» **What is being asked**: Each line of the data below containing "Folding" needs to be listed.

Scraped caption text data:
[Start of section]
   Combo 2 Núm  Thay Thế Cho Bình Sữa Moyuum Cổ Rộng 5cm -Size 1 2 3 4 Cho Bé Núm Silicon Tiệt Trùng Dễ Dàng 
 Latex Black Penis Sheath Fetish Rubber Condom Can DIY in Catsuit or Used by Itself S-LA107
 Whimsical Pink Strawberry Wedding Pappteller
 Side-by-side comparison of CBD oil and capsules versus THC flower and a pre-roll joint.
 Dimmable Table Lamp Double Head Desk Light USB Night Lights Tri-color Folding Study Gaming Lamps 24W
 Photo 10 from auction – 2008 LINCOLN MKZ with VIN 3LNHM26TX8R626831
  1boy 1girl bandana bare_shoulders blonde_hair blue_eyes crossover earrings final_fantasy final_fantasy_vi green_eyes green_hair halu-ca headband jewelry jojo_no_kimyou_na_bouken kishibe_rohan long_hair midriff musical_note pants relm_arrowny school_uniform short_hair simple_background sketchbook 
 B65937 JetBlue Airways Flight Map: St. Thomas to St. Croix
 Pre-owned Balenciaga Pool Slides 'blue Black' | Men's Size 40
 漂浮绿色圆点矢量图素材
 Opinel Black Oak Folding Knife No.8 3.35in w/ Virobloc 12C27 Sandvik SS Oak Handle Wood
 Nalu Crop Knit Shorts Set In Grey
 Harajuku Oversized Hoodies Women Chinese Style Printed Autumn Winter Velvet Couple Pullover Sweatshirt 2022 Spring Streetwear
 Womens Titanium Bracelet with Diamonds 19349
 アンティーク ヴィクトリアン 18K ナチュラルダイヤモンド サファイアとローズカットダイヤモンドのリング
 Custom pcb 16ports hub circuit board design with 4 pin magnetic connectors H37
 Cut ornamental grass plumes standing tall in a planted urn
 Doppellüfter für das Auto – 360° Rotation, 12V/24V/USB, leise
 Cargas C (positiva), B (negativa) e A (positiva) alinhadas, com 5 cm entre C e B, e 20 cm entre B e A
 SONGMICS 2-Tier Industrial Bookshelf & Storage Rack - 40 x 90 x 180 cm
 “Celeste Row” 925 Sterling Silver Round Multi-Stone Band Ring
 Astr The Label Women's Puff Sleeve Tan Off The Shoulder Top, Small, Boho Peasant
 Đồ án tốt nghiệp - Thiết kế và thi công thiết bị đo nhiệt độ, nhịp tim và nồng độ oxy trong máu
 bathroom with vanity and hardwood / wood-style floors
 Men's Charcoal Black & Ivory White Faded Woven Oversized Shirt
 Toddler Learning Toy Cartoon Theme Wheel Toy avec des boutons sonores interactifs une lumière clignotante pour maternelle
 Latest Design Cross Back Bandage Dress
[End of section]
» **Task output**:
 Dimmable Table Lamp Double Head Desk Light USB Night Lights Tri-color Folding Study Gaming Lamps 24W
 Opinel Black Oak Folding Knife No.8 3.35in w/ Virobloc 12C27 Sandvik SS Oak Handle Wood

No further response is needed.